Arcilla blanca (40%)
Arcilla extremadamente suave, ideal para pieles sensibles. Absorbe impurezas sin irritar, aporta cuerpo a la fórmula y ayuda a compactar el bloque.
Arcilla roja (25%)
Rica en óxidos minerales. Estimula la microcirculación, ilumina la piel apagada y aporta un tono cálido y natural al producto final.
Almidón de arroz (25%)
Absorbente suave que mejora la textura, aporta un tacto aterciopelado y reduce la sensación de grasa.
Sustituciones posibles: almidón de maíz, almidón de tapioca o arrurruz. Todos aportan sedosidad y ayudan a cohesionar la mezcla.
Se pulveriza sobre la mezcla seca hasta obtener una textura moldeable.
Proporción recomendada: Agua destilada: 50 g, Leucidal: 1,5 g
Combina la arcilla blanca, la arcilla roja y el almidón de arroz. Mezcla bien hasta obtener un polvo homogéneo y sin grumos.
Incorpora los aceites vegetales y el aceite esencial. Mezcla con espátula hasta que el polvo empiece a humedecerse ligeramente.
Prepara en un frasco pulverizador el agua destilada con Leucidal. Rocía la mezcla poco a poco mientras remueves hasta obtener una textura tipo “arena húmeda” que se compacte al presionarla sin desmoronarse. Luego compacta en un molde. Asegúrate de compactar bien para evitar grietas.

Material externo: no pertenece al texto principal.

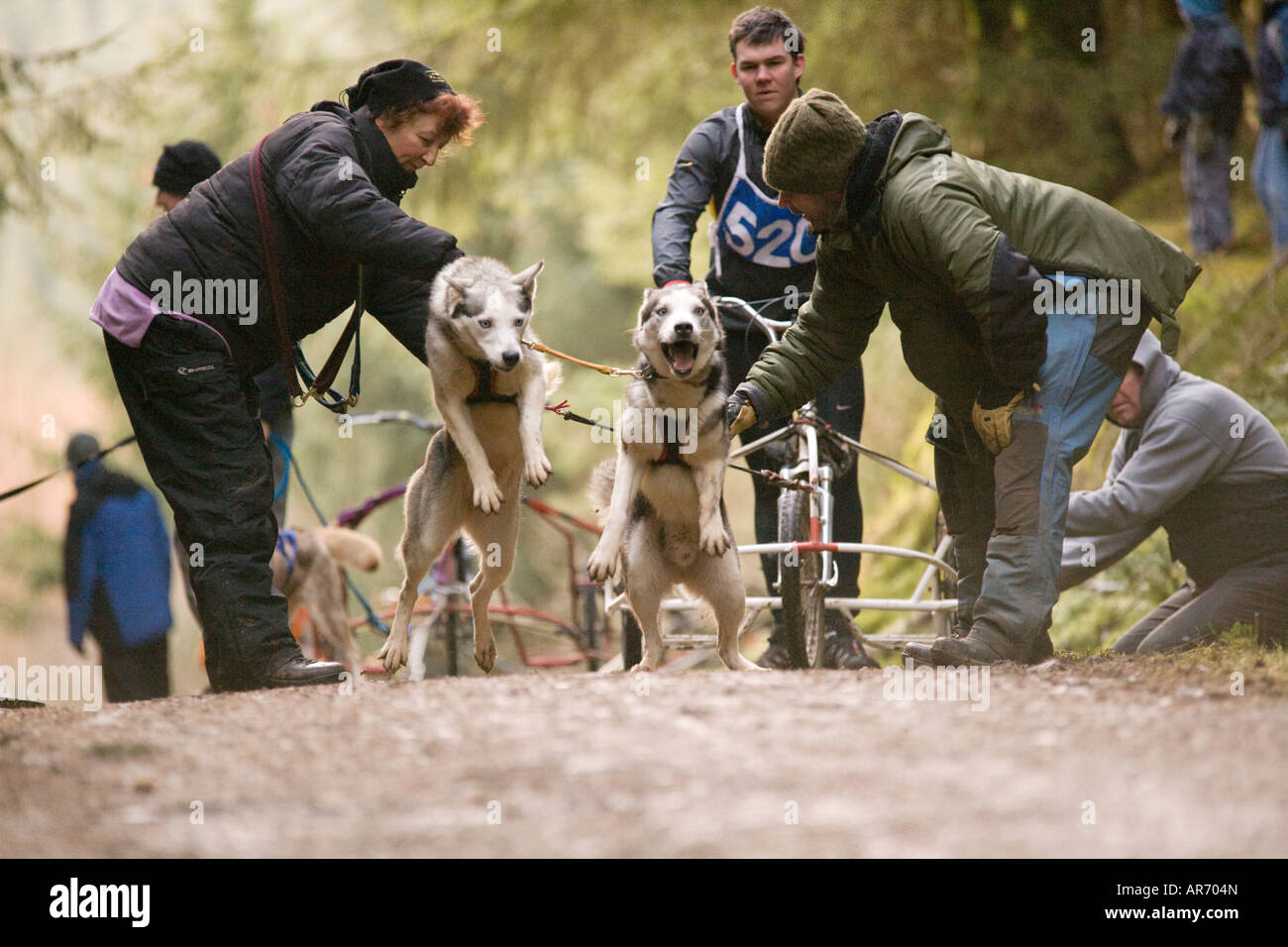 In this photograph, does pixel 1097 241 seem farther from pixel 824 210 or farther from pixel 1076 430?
pixel 824 210

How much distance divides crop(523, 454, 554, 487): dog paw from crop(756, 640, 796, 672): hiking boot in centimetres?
153

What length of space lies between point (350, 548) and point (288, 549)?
50 cm

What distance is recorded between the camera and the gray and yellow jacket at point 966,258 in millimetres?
4191

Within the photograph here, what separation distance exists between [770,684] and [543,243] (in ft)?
56.5

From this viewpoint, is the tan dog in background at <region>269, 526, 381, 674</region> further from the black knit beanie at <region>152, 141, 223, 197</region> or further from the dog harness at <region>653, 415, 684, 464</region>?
the dog harness at <region>653, 415, 684, 464</region>

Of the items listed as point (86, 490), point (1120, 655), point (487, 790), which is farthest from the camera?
point (86, 490)

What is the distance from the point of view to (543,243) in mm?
20406

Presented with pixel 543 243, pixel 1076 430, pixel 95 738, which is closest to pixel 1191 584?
pixel 1076 430

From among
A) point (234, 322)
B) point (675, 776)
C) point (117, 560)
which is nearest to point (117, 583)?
point (117, 560)

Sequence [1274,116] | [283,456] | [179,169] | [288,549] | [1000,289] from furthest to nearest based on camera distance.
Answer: [1274,116] < [288,549] < [179,169] < [283,456] < [1000,289]

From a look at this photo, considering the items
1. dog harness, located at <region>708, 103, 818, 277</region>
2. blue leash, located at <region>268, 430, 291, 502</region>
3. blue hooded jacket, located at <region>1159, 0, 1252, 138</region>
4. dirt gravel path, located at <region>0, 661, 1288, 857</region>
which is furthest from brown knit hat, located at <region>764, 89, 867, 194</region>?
blue hooded jacket, located at <region>1159, 0, 1252, 138</region>

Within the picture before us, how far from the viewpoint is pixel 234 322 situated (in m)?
4.80

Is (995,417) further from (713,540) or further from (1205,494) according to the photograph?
(1205,494) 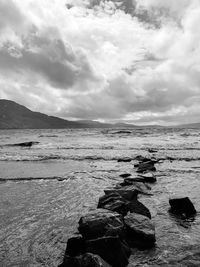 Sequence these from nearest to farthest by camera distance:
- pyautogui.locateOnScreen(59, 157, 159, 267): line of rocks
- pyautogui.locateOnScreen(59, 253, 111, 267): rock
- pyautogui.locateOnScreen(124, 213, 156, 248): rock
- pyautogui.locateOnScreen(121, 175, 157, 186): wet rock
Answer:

Deja reposar entre 24 y 48 horas para que el bloque pierda humedad y adquiera dureza.
-Si se desmorona: añade un poco más de agua pulverizada o aumenta ligeramente el aceite.
-Si queda demasiado blando: reduce la cantidad de agua o añade un poco más de almidón.
-Si no desliza bien: aumenta el aceite vegetal.
-Si quieres un acabado más compacto: presiona con más fuerza dentro del molde o usa un molde rígido.
-Humedece ligeramente el rostro o la superficie del stick.
-Frota suavemente la mascarilla sólida sobre la piel hasta dejar una capa fina.
-Deja actuar entre 5 y 10 minutos.
-Retira con agua tibia.
-Úsala 1–2 veces por semana.
Mascarilla purificante detox (arcilla verde)
Muy absorbente, seborreguladora y detox. Ideal para piel grasa, mixta o con tendencia a puntos negros.
Mascarilla iluminadora revitalizante (arcilla amarilla)
Purificante como la verde, pero menos astringente. Activa la microcirculación y aporta un efecto “glow” inmediato. Ideal para piel apagada, cansada o con tono irregular.
Mascarilla detox profunda (bentonita)
Máxima capacidad de absorción. Ideal para piel con poros obstruidos, puntos negros o exceso de grasa. Opcional: Carbón activado para potenciar el efecto detox.